How subtractive and additive manufacturing create the ideal equation for metal manufacturing
Designing metal parts? By incorporating both CNC machining and metal 3D printing into your manufacturing toolbox, you not only enjoy far greater flexibility in part design, but also gain the ability to procure them in less time and more cost-effectively than ever before. In order to take advantage of this, however, you must understand the shared strengths and inherent differences of each process, and how to best use them to your benefit.

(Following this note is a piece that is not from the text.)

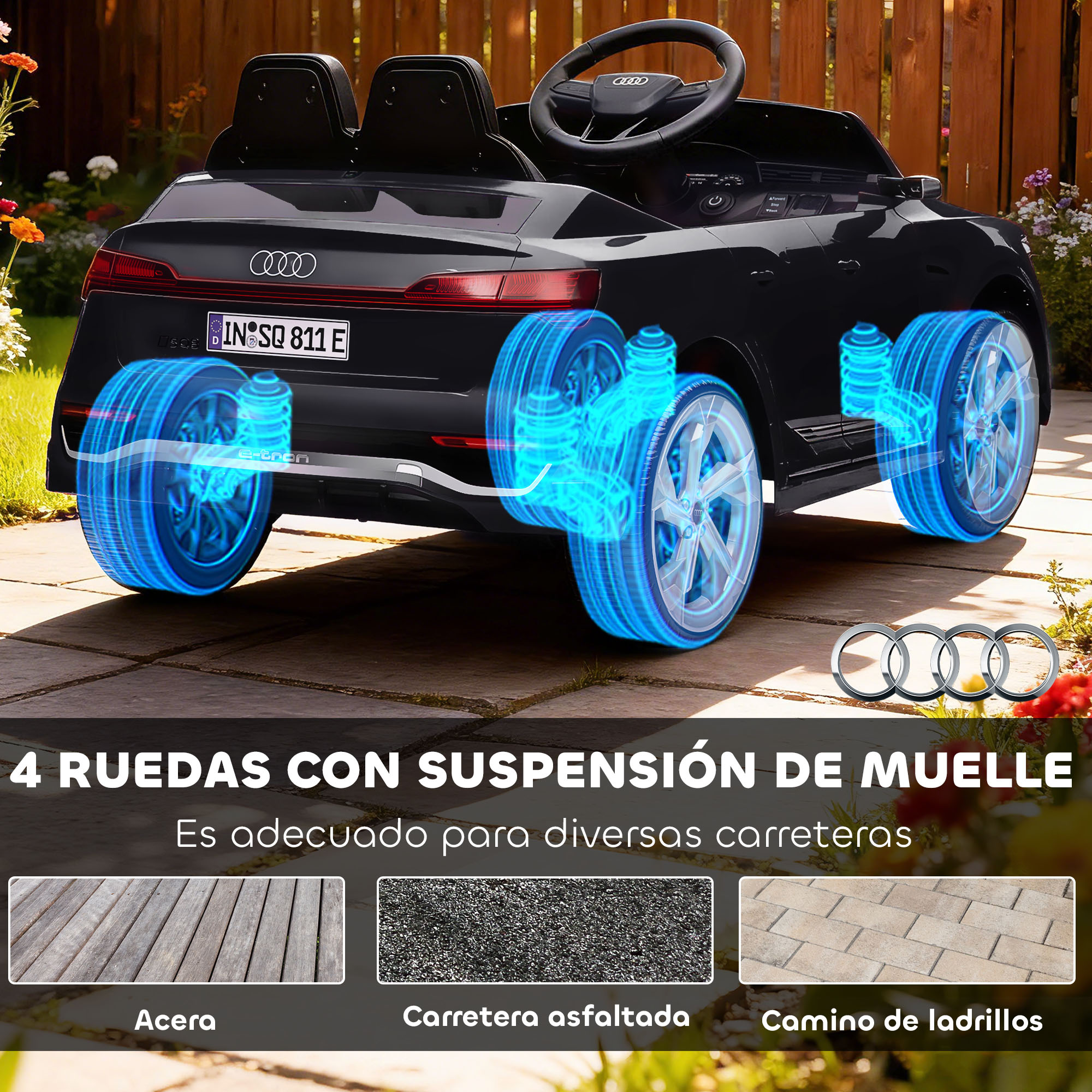 Coche de juguete eléctrico Audi negro con suspensión, mostrando superficies.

Embracing the Yin and Yang of Metal Manufacturing
Nowhere is this relationship more significant than the bond that exists between CNC machining and direct metal laser sintering (DMLS), the leading technology for 3D printing complex metal parts. The latter can produce virtually any part shape using nothing more than a laser beam and a pile of metal powder, but it can be a slow process. Machining on the other hand is more limited in terms of geometry, but offers far faster production speeds. The choice, then, of which to use is primarily a question of A) can the part or parts be machined, and B) how many parts need to be made?
In many cases, the two manufacturing processes can work together. Examples? Oftentimes metal-based additive manufacturing relies on its subtractive alter ego to finish the job. Holes must be bored or reamed, threads tapped or thread-milled, critical surfaces milled, turned, or ground to size. At the very least, 3D-printed parts need some manual TLC in the form of cleaning, blasting, and support removal, pretty much guaranteeing a visit to the machine shop.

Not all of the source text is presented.